More than 500 years ago, artisans in the Inca Empire mastered the production of cumbi, a finely woven tapestry cloth made from the highest quality alpaca fibers. Textiles were the earliest art forms in Peruvian culture, well before the Spanish Conquest of 1532.
This story is the subject of a book in preparation by Julia McHugh, “Dressing Andean Spaces: Textiles, Painting, and Architecture in the Colonial Imagination,” also the subject of her doctoral dissertation in 2017 at the University of California, Los Angeles.
The Nasher Museum’s rich collection of Peruvian textiles was a big draw for McHugh, who was appointed Trent A. Carmichael Curator of Academic Initiatives and will start the position Aug. 1. McHugh brings expertise in ancient American art to Duke for the first time in 25 years.

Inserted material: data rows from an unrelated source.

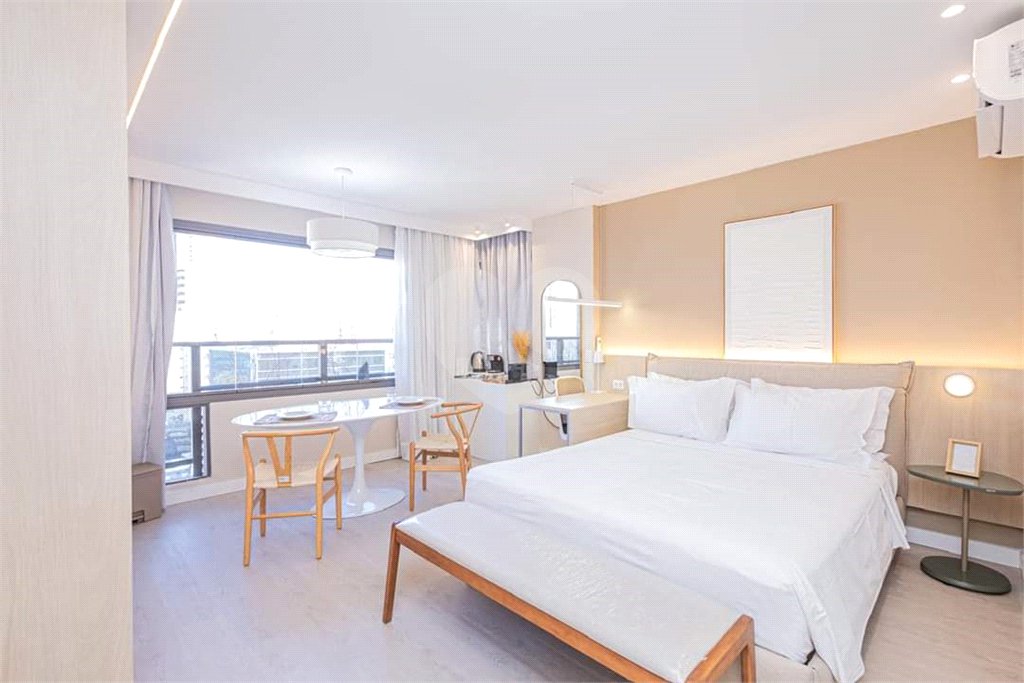 Apartamento para alugar com 1 quarto em Itaim Bibi, São Paulo, SP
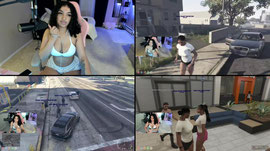 SHORT STREAM | MAXINE "BABY M" VIDAL🦈 IN WINDY CITY GTA RP!!! ♡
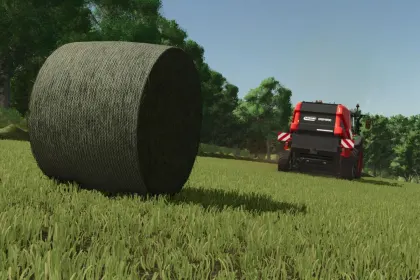 Прес-підбирач Maschio Gaspardo Extreme 2 Series для Farming Simulator 25 — 3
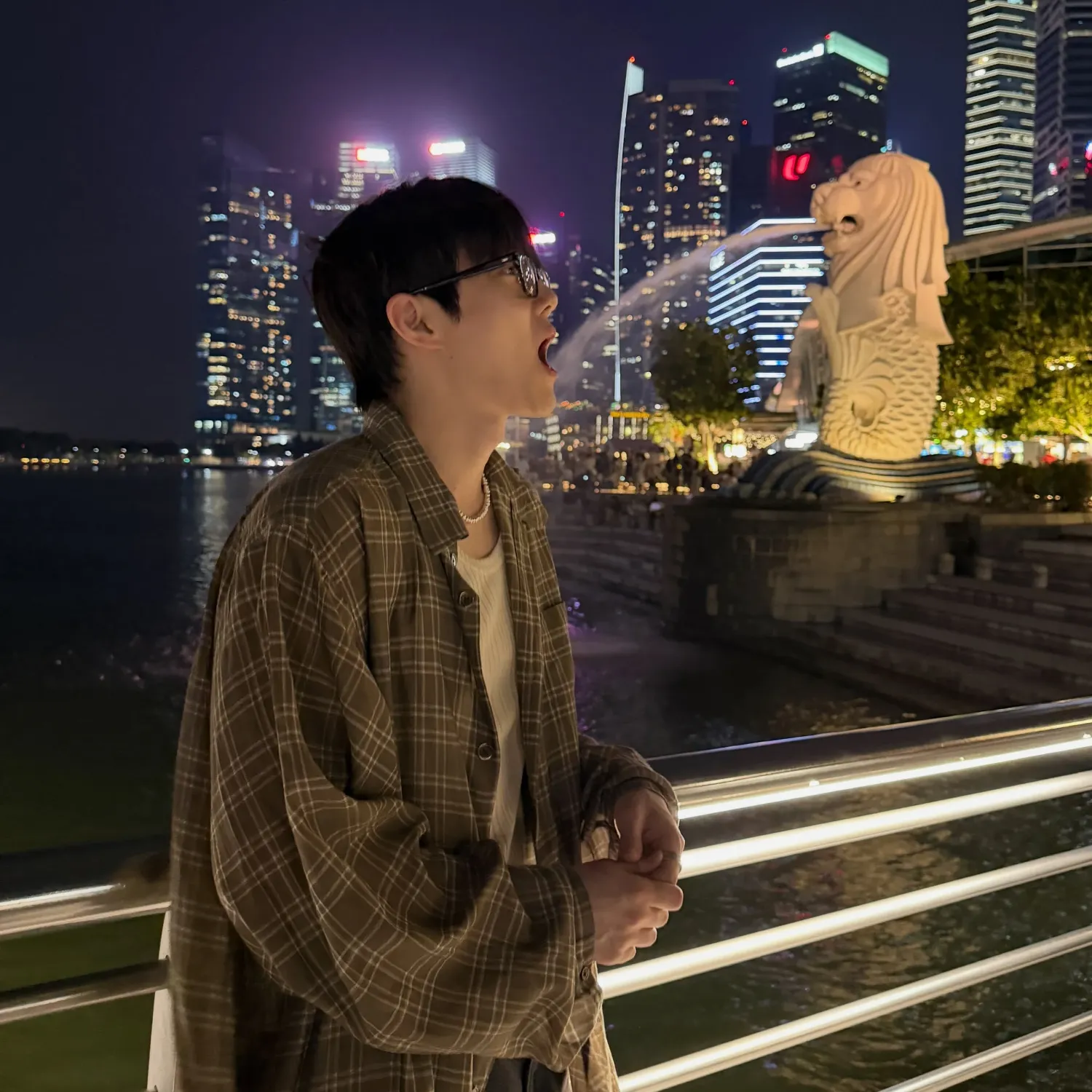 粉絲拍下的Suho瞬間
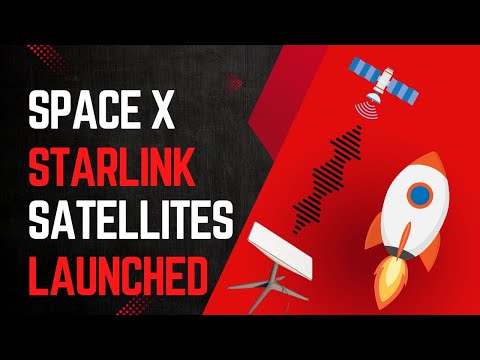 SpaceX Launches 22 Starlink satellites | Space X | Satellite internet | by Mahadees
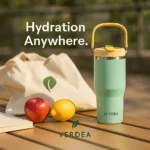 Tumbler with 2-in-1 Handle Lid - TA-VR-0014 - Image 2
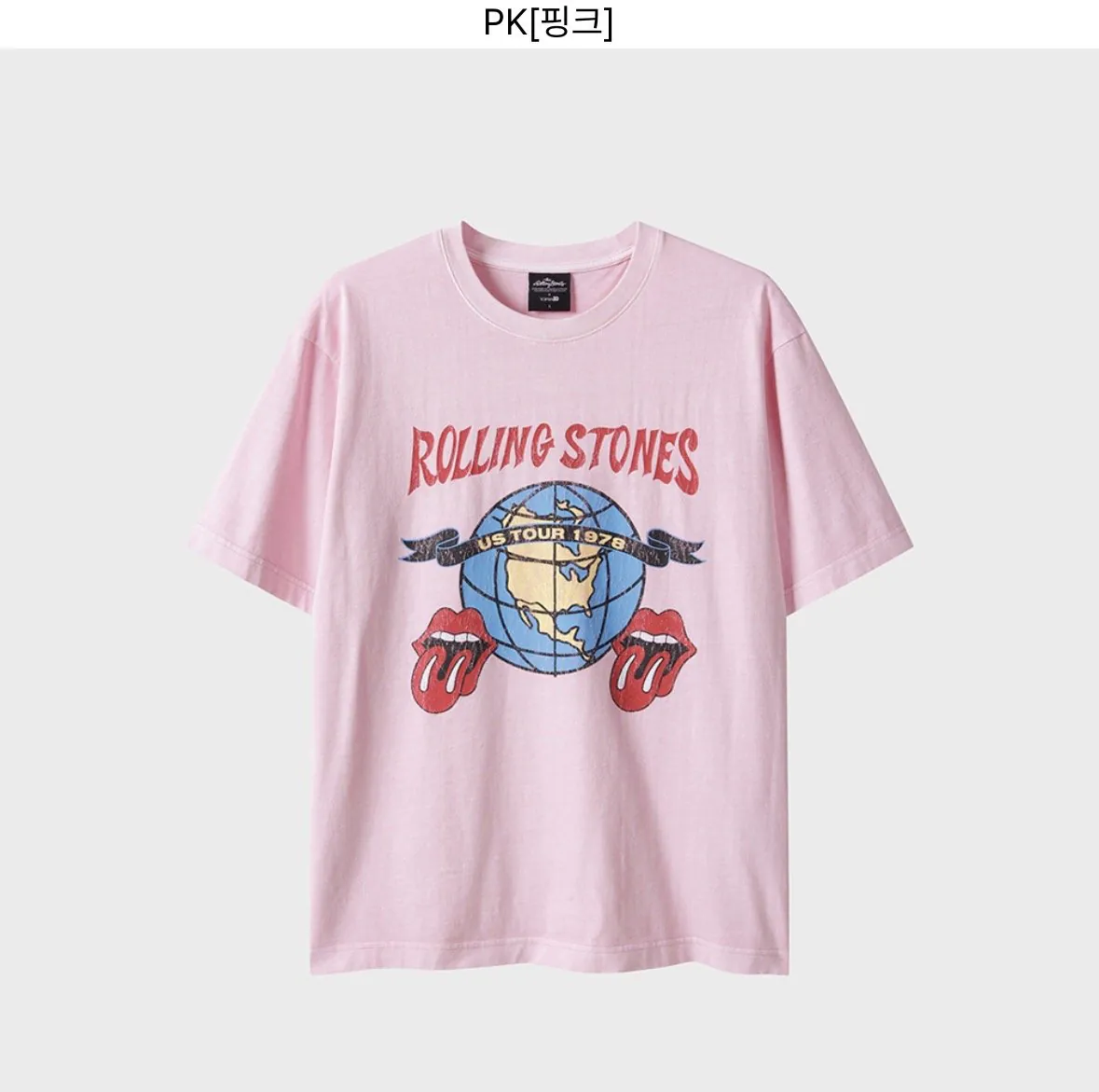 IMG_1620.jpeg [Musinsa] Áo thun ngắn tay Top Ten Rolling Stones (KRW) 7.900) (Miễn phí)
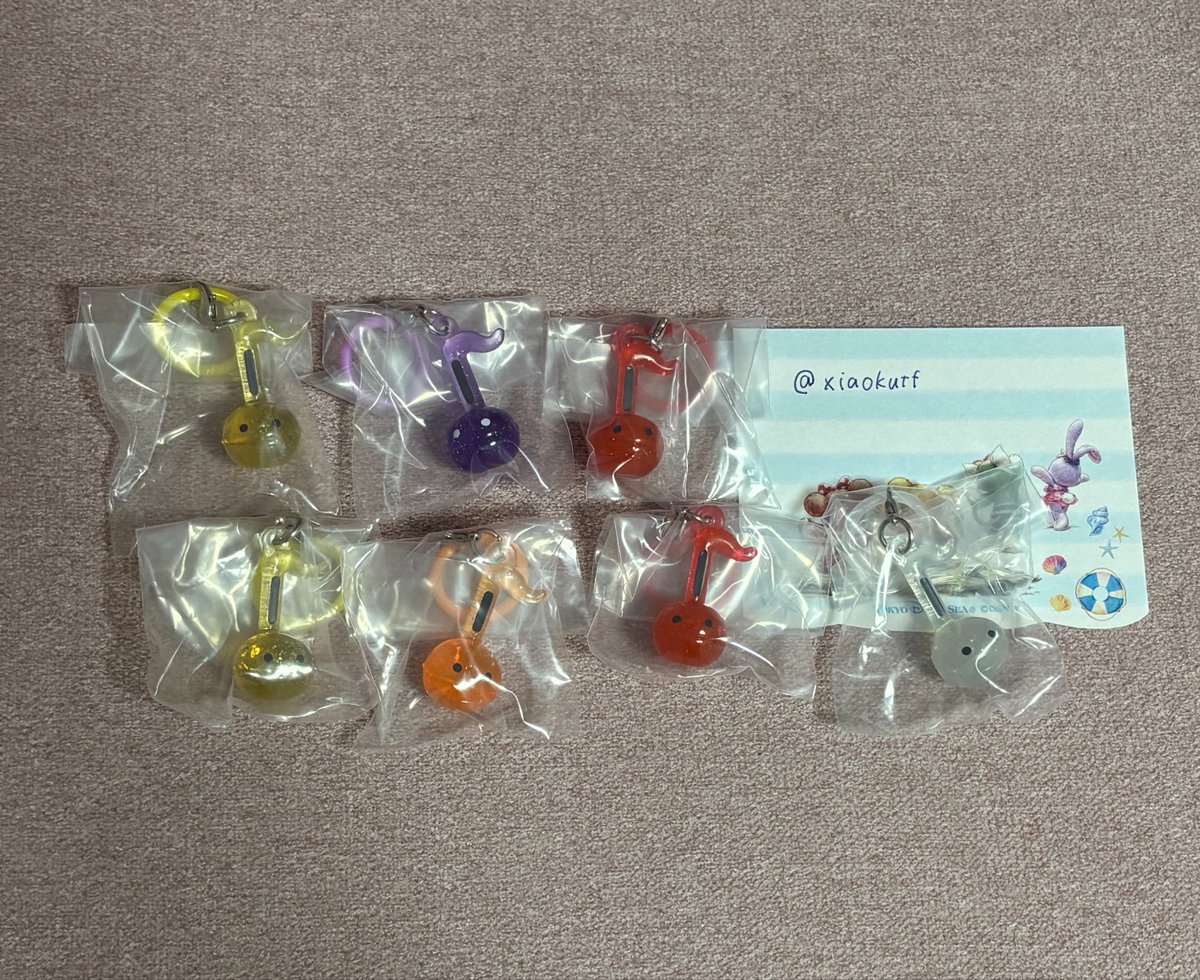 xiaokutf's tweet photo. オタマトーン めじるしアクセサリー2

【譲】イエロー、レッド、パープル＞オレンジ＞ホワイト
【求】グリーン(無限回収)、ミント

2対1もご検討しますのでお気軽にお声掛けください🙏
郵送にて交換希望です📮

 #めじるし 
 #ガチャガチャ交換 https://t.co/rvQmp0YpfH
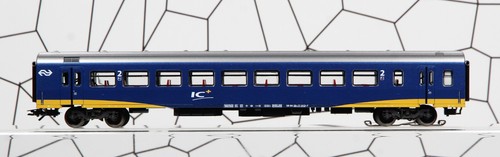 Märklin H0 42642 vagón de tren rápido IC de cuatro ejes NS 2. Kl. KKK interior. TOP EMBALAJE ORIGINAL | Zustand: Gebraucht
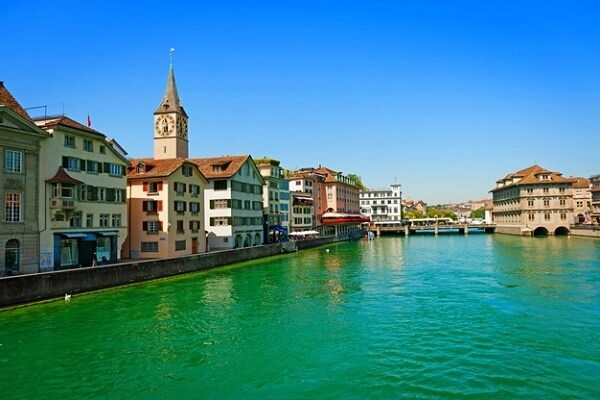 Lake Zurich Best Place To Visit in Zurich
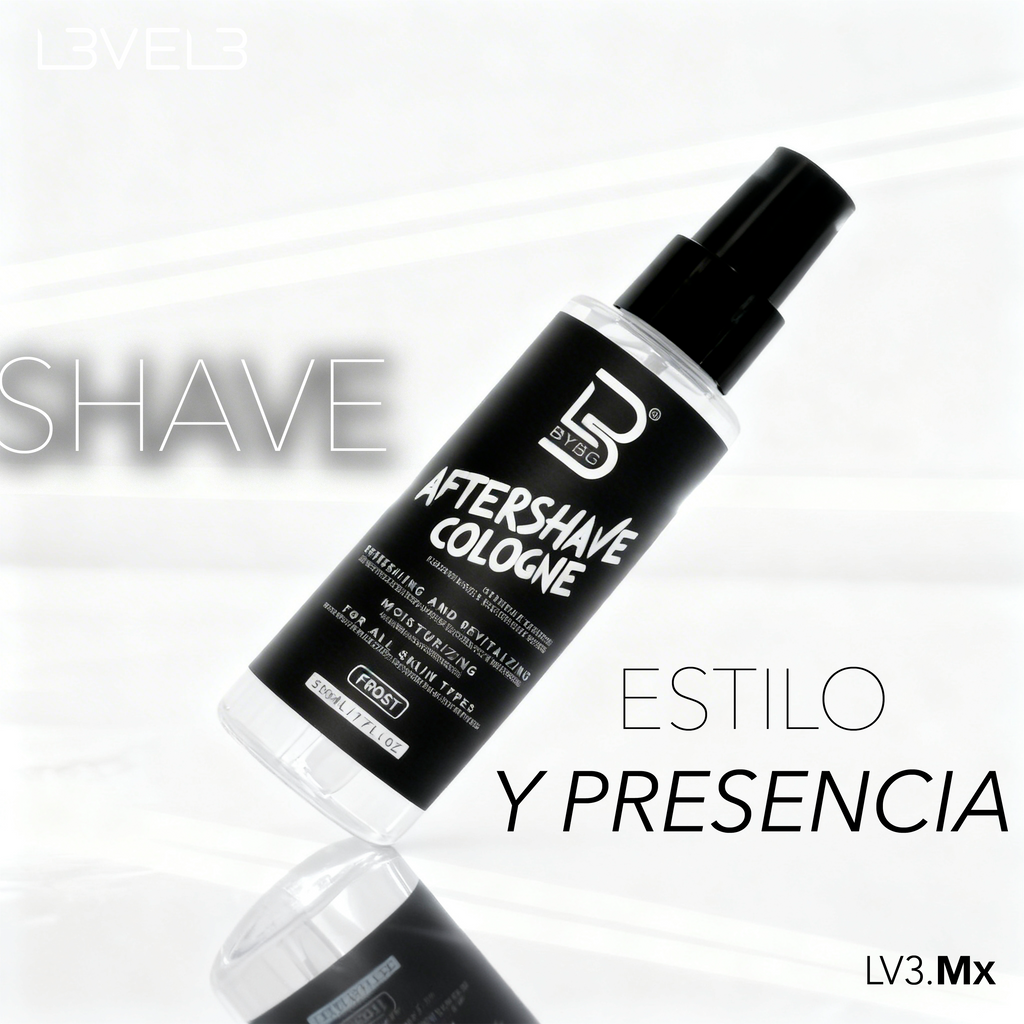 L3VEL3 Aftershave Cologne Frost 100 ml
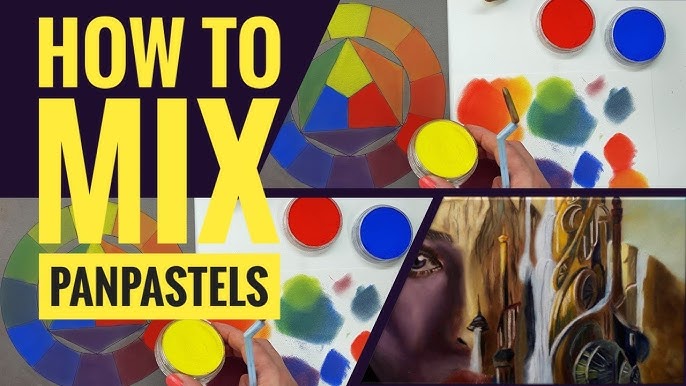 How to Use Pan Pastels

“Julia is a rising star and we’re very lucky that she is coming to Duke,” said Sarah Schroth, Mary D.B.T. and James H. Semans Director of the Nasher Museum. “Her expertise in the ancient and colonial Americas means she will make extensive use of our rich collection of Central and South American objects, including thousand-year-old Mayan cylinder vases, Nazca pottery and Peruvian textiles. With a thorough grounding in many areas of art and museum studies, she will be able to bridge all of our museum collections with a wide range of teaching disciplines. With Julia’s guidance, faculty and students will make unexpected and thrilling connections to art.”